I also assisted Daniel Steinberg with his 4-hour Cocoa tutorial, built around a big example project that he wisely saved off as 20 “stages” that attendees could download and review. Daniel also did a 1-hour Cocoa session which served as outreach to developers looking at the Mac platform and not yet ready to jump in.

Attending friends’ sessions filled up most of my dance card, but I did hit a few other things. Probably the most valuable one I went to was Jim Weirich’s “Source Control for People Who Don’t Like Source Control”. The gist of this was to present the design of a hypothetical source control system with modern features and clever ideas… that turns out to be Git. Given that I have a natural aversion to anything loudly and obnoxiously touted by the Linux community as superior (usually based only on the fact that it is from the Linux community), I’ve never really given Git a serious chance, and this was an eye-opener. Git may, indeed, not suck. FWIW, his talk is available as a Pragmatic Screencast.

As for my own talks, I did a half-day iPhone tutorial that ditched the slides entirely and worked entirely from Xcode. It’s a sensible, hands-on approach that I’ll be using from now on. I did three projects: a trivial web browser, a tab-based collection of converters (since those are so damn popular in the App Store), and a conference session browser (as a navigation app). I chose these because of a conscious desire to focus on the repeated creation of view controller classes and their corresponding GUIs, which is the bread-and-butter of iPhone development. It’s good exercise to really get used to creating views in IB, wiring everything up, setting the File’s Owner class, etc. Lots of beginner problems come from missing connections, particularly VCs that aren’t wired to views, so I thought it would be good pedagogy to focus on that stuff first, even at the expense of rhapsodizing about Obj-C or covering more iPhone frameworks.

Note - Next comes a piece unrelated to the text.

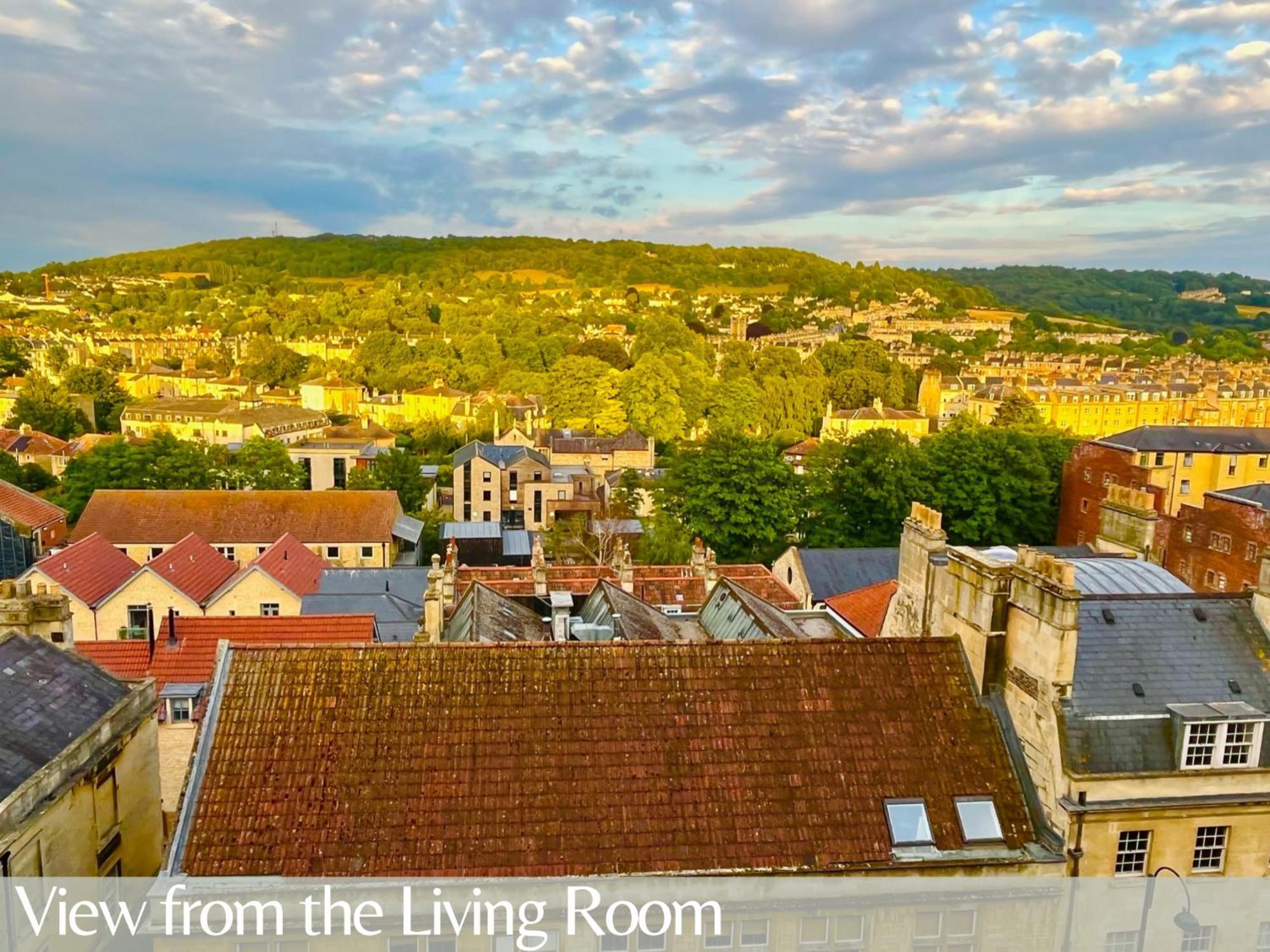 The Paragon Penthouse - Stunning Views Over Bath! Exterior photo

I also did a session on iPhone tricks and tips that was a mixed bag: I pulled it together kind of late, so some of the media tips were kind of pedestrian (like setting your audio session category to adjust mixing and ring/silent behavior). Still, there were a couple wows worth remembering, specifically using multiple targets to build “lite” and “full” versions, and using keychain to persist data in a way that survives wipes. Slides here

The session I think I was happiest with was “Oh Crap! I Forgot (Or Never Learned) C!” This was actually the last gasp of a book I was writing last year called Just Enough C To Program the iPhone, a language book that used the iPhone SDK as a workbench. The idea of the book was to help the scripters and Flash developers who got lost in the pointer stuff in our iPhone book, as well as first-time programmers who wanted to develop iPhone apps right away, even if they had never programmed before. In short, it would serve as the prerequisites for our, or anyone else’s, iPhone book. But it’s not happening: it’s one of those projects where everything was fine until it wasn’t.

Still, I sometimes find I enjoy the directness, the concreteness of programming in C.

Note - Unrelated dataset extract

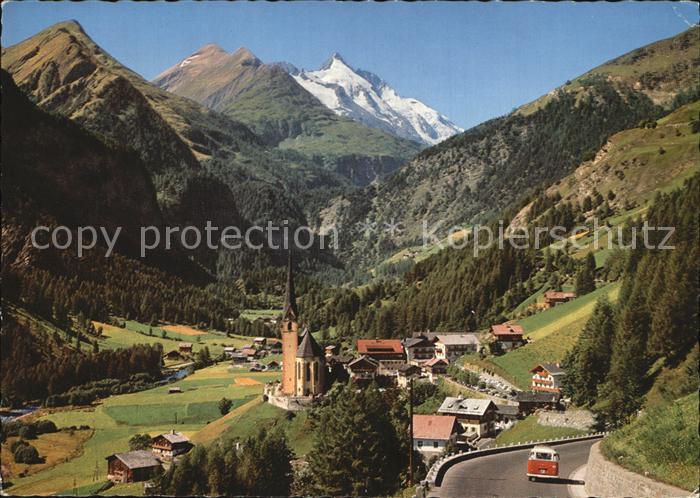 Heiligenblut Kaernten Wallfahrtsort Grossglockner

So that’s something I tried to bring out in this presentation: not just that you might have to use C for some reason, like calling into native code from your higher-level language, but that C’s performance, popularity, and even its primitiveness are traits to be admired and enjoyed. The last third of it really got into the traditional C “hard parts”: pointers, malloc()/free(), pass-by-value, arrays as syntactic sugar over pointers, when struct members take the dot versus the arrow operator, memory math, etc. Slides here.

The iPhone tutorial is a consistent big draw, but I just might propose a half-day “C re-education camp” tutorial for next year, to fully immerse attendees in the C way. Maybe with some OpenGL (which is called from C) so it’s not all about the command line. Any takers?